Addaction has called on the Government to challenge the stigma faced by people who struggle with drink and drugs and mental health conditions.

The charity spoke to MPs, commissioners and civil servants at an event in the House of Lords.

Les Chandler, who was a heroin addict before getting treatment, is now a volunteer with Addaction. The 61-year-old told the ministers about the stigma he has faced.

He said: “Drugs took me to prison, to psychiatric units and to three suicide attempts. The stigma and shame meant I wasted years not getting the help I needed. I was called a junkie, a thief, a waste of space – and I believed it. I wanted to die.

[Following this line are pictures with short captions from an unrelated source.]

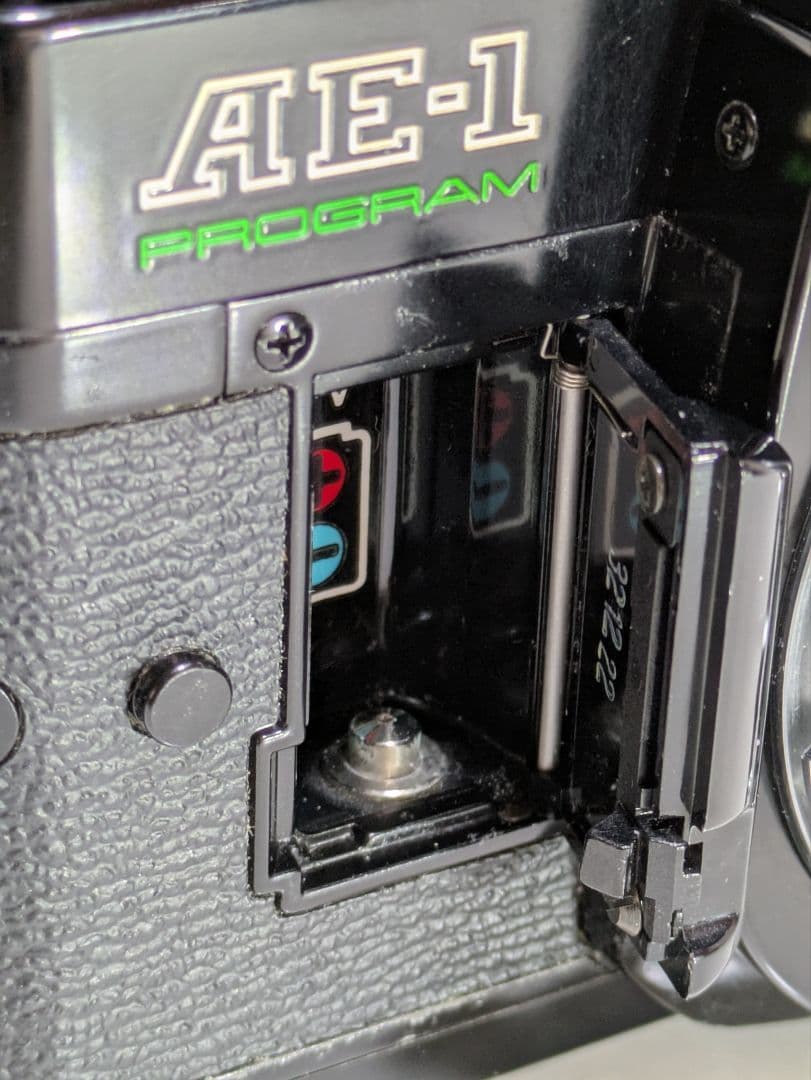 Canon　AE-1 プログラム　一眼レフカメラ　広角レンズ付き　フィルター付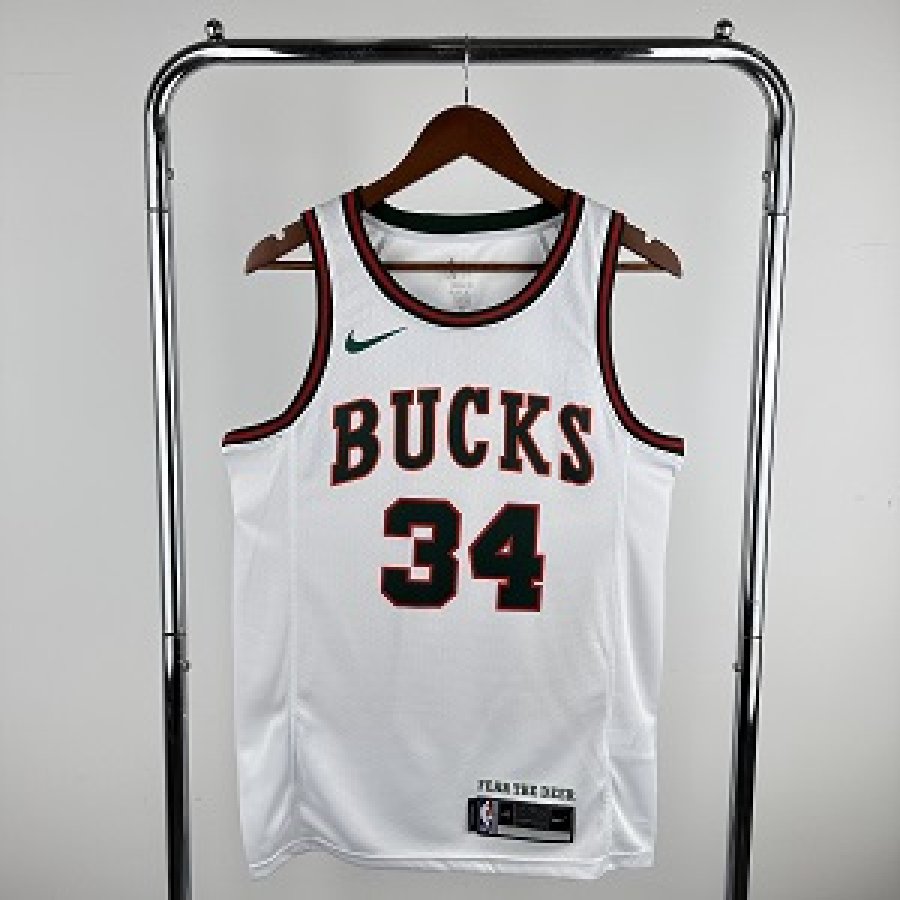 Milwaukee Bucks Classic 17/18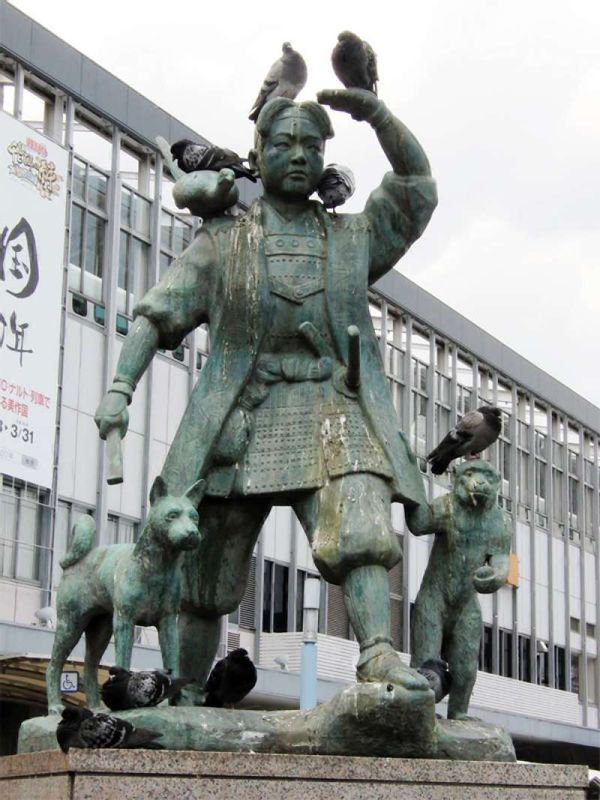 Okayama Private Tour - Meeting place(Momotarou statue in front of JR Okayama station, east side)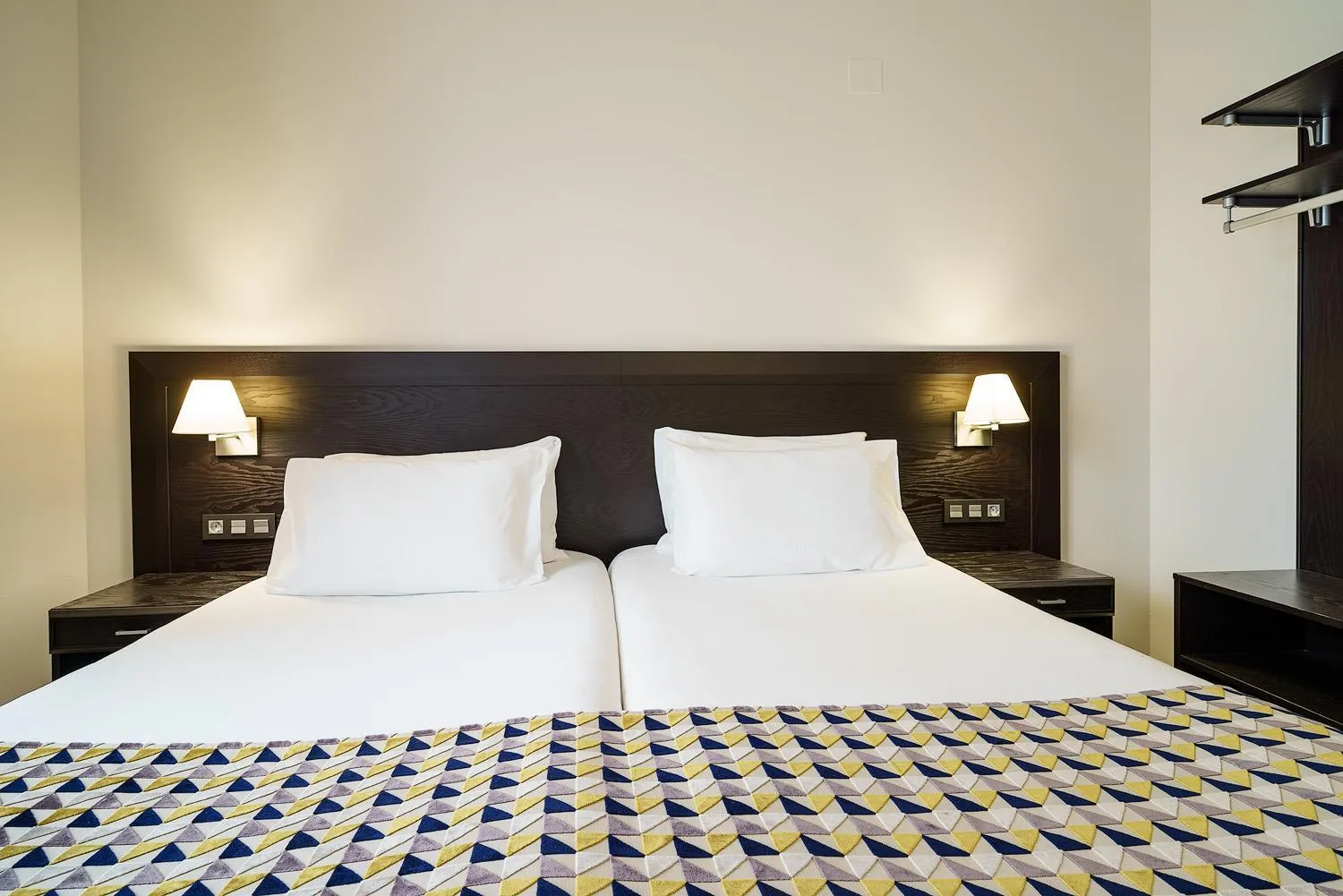 Bed in Exe Málaga Museos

“Addaction gave me a purpose in life. They’ve given me confidence. I’m now training to be a counsellor.”

Addaction proposed three recommendations to tackle the problem. The charity is calling for more joint commissioning and assessments between mental health and substance misuse services.

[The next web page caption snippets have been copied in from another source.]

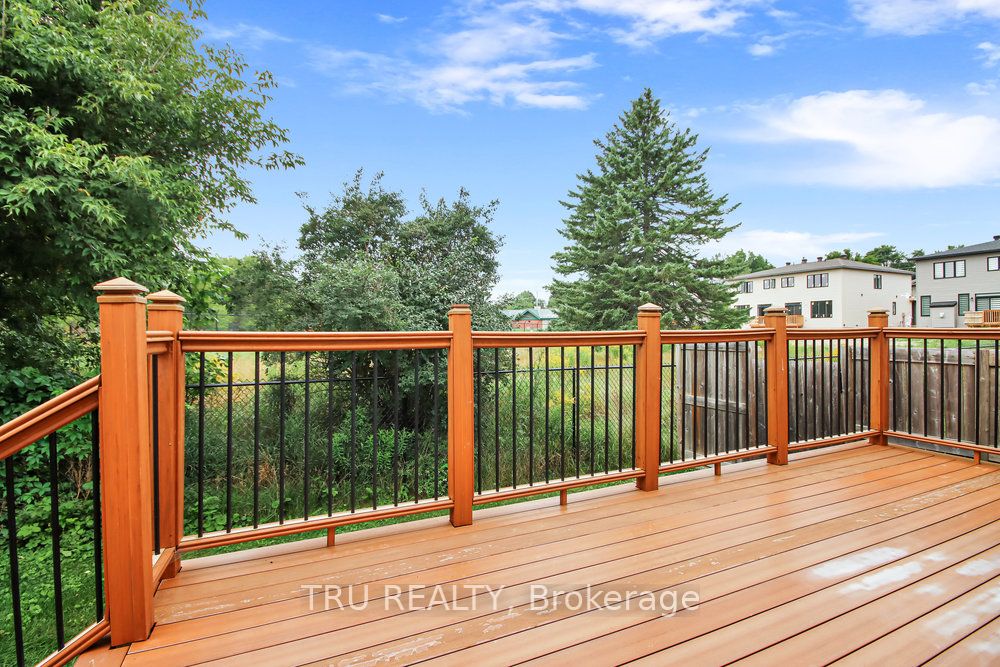 108 Villageview Private Property Photo 32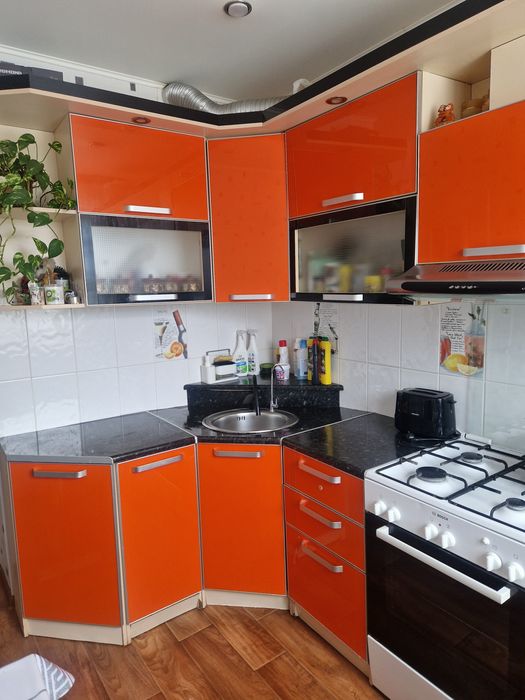 Кухонный гарнитур в хорошем состоянии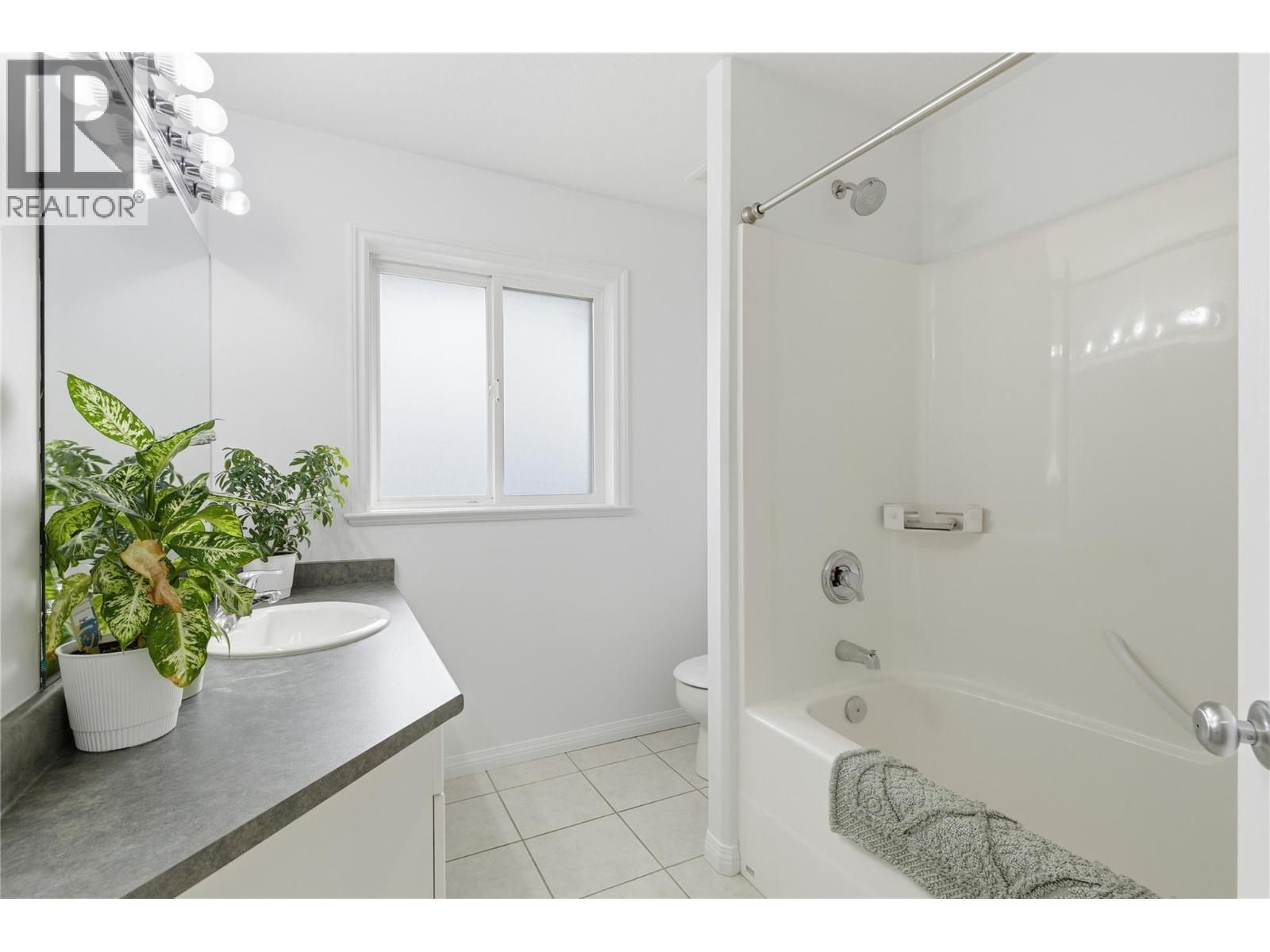 1492 Longley Crescent
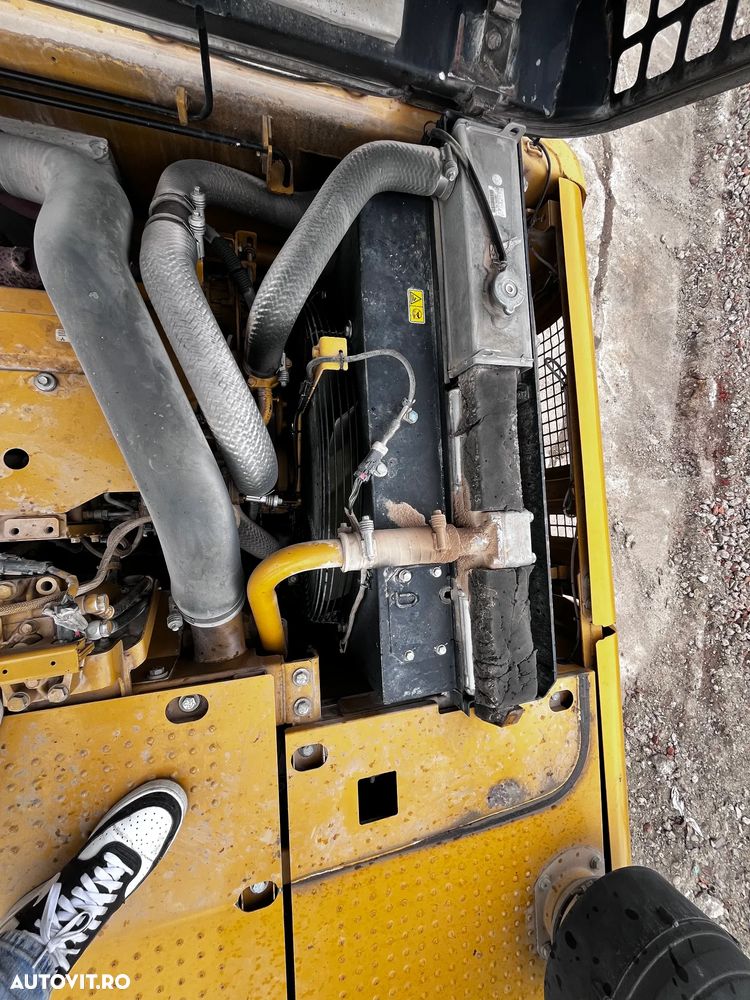 Caterpillar 323 D SA - 18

It wants employers to treat drug and alcohol misuse as a health issue rather than a disciplinary matter. The charity wants businesses to consider appropriate help for the employee and to treat absence for treatment and rehabilitation as normal sick leave.

Addaction also wants strategies which recognise people may need different support, depending on their age.

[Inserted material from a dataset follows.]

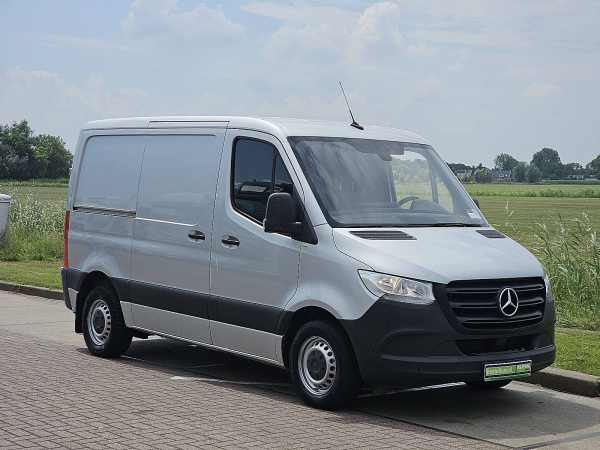 MERCEDES-BENZ - SPRINTER 311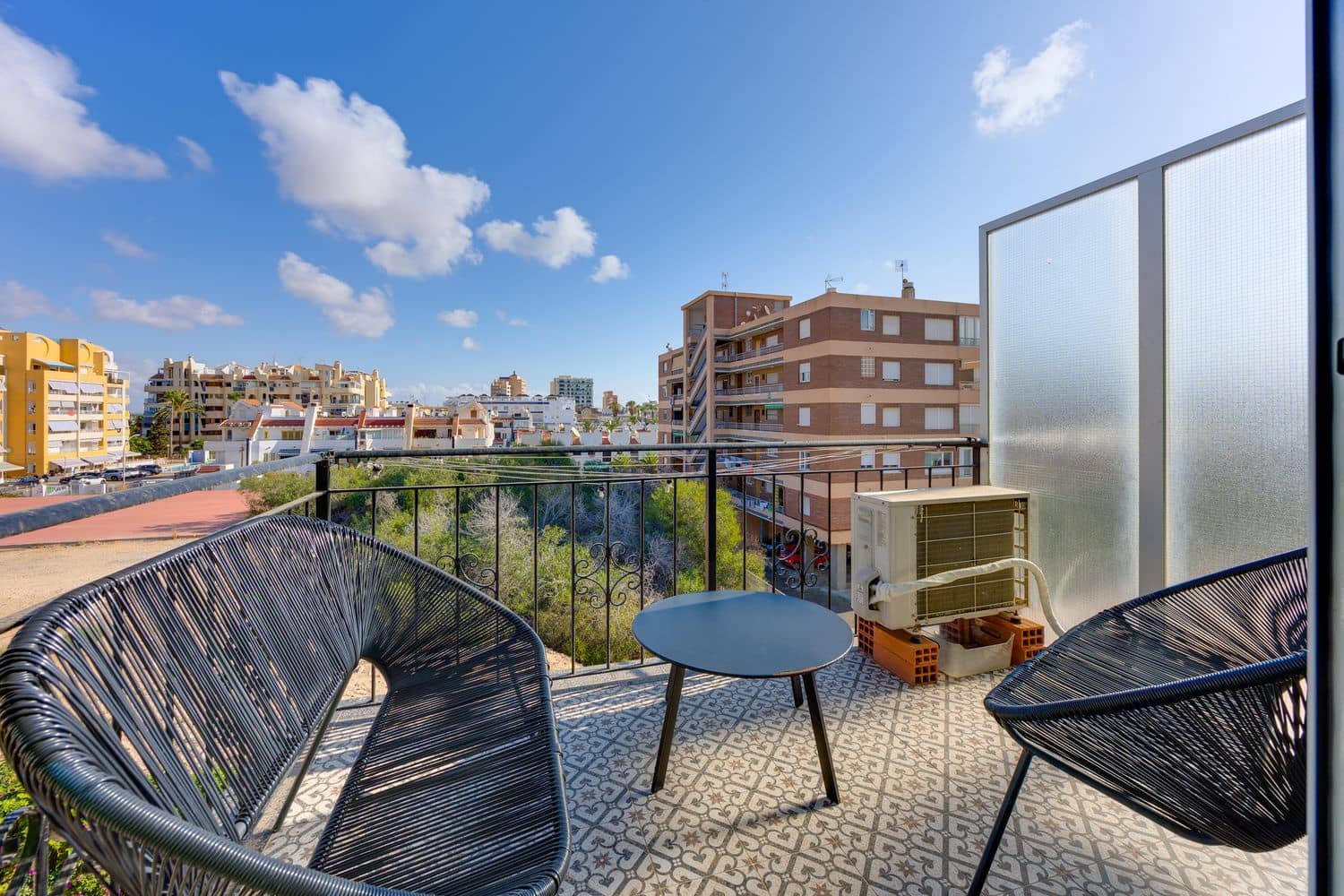 1 slaapkamer Appartement te koop in La Veleta met garage - € 139.000 (Ref: 10030007)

Addaction’s chief executive, Mike Dixon, said: “The stories that lead people to our door are many and varied. Those who come forward for support have had to overcome their own personal, mental and physical barriers. The added fear of being stigmatised and shamed based on previous experiences raises those barriers even higher.

“We want to confront stigma head-on and this means educating the public to increase empathy and understanding for those tackling drugs, alcohol and mental health issues.

“By challenging stigma, we believe more people will come forward for support and more people will recover and reach their potential.”